»»

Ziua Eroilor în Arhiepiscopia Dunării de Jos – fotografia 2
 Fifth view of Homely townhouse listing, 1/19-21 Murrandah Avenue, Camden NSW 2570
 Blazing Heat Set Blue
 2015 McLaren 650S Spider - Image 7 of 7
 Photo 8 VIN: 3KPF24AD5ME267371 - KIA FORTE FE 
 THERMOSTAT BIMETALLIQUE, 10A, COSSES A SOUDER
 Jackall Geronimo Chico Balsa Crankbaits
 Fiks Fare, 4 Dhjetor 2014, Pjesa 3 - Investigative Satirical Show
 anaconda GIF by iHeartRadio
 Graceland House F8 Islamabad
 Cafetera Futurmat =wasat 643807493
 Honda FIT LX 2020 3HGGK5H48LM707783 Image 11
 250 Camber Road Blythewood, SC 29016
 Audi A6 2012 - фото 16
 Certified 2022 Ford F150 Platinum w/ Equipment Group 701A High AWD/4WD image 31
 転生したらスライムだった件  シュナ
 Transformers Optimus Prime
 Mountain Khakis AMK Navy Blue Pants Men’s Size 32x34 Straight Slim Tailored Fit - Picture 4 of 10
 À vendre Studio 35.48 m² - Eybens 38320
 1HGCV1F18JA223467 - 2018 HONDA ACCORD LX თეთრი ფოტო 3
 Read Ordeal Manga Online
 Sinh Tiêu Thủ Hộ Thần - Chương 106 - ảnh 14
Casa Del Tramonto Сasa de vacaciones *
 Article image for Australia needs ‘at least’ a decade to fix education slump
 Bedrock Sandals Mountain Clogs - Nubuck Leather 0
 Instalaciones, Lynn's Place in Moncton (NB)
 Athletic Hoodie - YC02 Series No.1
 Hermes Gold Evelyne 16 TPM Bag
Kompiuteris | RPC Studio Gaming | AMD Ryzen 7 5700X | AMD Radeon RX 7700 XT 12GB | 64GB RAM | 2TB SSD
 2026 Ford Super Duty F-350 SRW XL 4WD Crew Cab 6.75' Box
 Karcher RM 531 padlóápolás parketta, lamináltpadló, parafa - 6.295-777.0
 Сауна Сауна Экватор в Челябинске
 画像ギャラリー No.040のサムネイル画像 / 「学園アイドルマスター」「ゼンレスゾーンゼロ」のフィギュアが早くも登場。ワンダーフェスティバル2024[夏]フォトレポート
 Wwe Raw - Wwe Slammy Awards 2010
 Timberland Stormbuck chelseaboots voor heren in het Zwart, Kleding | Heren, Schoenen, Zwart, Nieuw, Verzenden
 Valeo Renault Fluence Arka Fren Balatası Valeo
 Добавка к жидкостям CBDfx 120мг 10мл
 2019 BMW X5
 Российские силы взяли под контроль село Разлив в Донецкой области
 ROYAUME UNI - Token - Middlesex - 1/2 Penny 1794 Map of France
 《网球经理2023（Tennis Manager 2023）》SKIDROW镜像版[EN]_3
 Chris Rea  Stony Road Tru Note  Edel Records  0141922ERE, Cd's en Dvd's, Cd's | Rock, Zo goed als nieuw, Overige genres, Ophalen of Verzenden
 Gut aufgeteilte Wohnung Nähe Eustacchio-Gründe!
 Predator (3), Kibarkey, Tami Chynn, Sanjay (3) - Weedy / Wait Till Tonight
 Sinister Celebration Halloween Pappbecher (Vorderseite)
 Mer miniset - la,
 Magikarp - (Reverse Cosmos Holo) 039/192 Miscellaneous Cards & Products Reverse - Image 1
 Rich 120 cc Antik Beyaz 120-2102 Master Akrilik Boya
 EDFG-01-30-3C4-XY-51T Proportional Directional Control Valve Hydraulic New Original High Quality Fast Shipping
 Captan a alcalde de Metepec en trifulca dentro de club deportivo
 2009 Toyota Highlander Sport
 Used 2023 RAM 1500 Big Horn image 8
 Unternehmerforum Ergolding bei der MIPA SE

««

Work item:
In the listing above, find the line with "画像ギャラリー No.040のサムネイル画像 /" and the line with "2009 Toyota Highlander Sport", then reproduce both and every line between them exactly.

Response to this task:
 画像ギャラリー No.040のサムネイル画像 / 「学園アイドルマスター」「ゼンレスゾーンゼロ」のフィギュアが早くも登場。ワンダーフェスティバル2024[夏]フォトレポート
 Wwe Raw - Wwe Slammy Awards 2010
 Timberland Stormbuck chelseaboots voor heren in het Zwart, Kleding | Heren, Schoenen, Zwart, Nieuw, Verzenden
 Valeo Renault Fluence Arka Fren Balatası Valeo
 Добавка к жидкостям CBDfx 120мг 10мл
 2019 BMW X5
 Российские силы взяли под контроль село Разлив в Донецкой области
 ROYAUME UNI - Token - Middlesex - 1/2 Penny 1794 Map of France
 《网球经理2023（Tennis Manager 2023）》SKIDROW镜像版[EN]_3
 Chris Rea  Stony Road Tru Note  Edel Records  0141922ERE, Cd's en Dvd's, Cd's | Rock, Zo goed als nieuw, Overige genres, Ophalen of Verzenden
 Gut aufgeteilte Wohnung Nähe Eustacchio-Gründe!
 Predator (3), Kibarkey, Tami Chynn, Sanjay (3) - Weedy / Wait Till Tonight
 Sinister Celebration Halloween Pappbecher (Vorderseite)
 Mer miniset - la,
 Magikarp - (Reverse Cosmos Holo) 039/192 Miscellaneous Cards & Products Reverse - Image 1
 Rich 120 cc Antik Beyaz 120-2102 Master Akrilik Boya
 EDFG-01-30-3C4-XY-51T Proportional Directional Control Valve Hydraulic New Original High Quality Fast Shipping
 Captan a alcalde de Metepec en trifulca dentro de club deportivo
 2009 Toyota Highlander Sport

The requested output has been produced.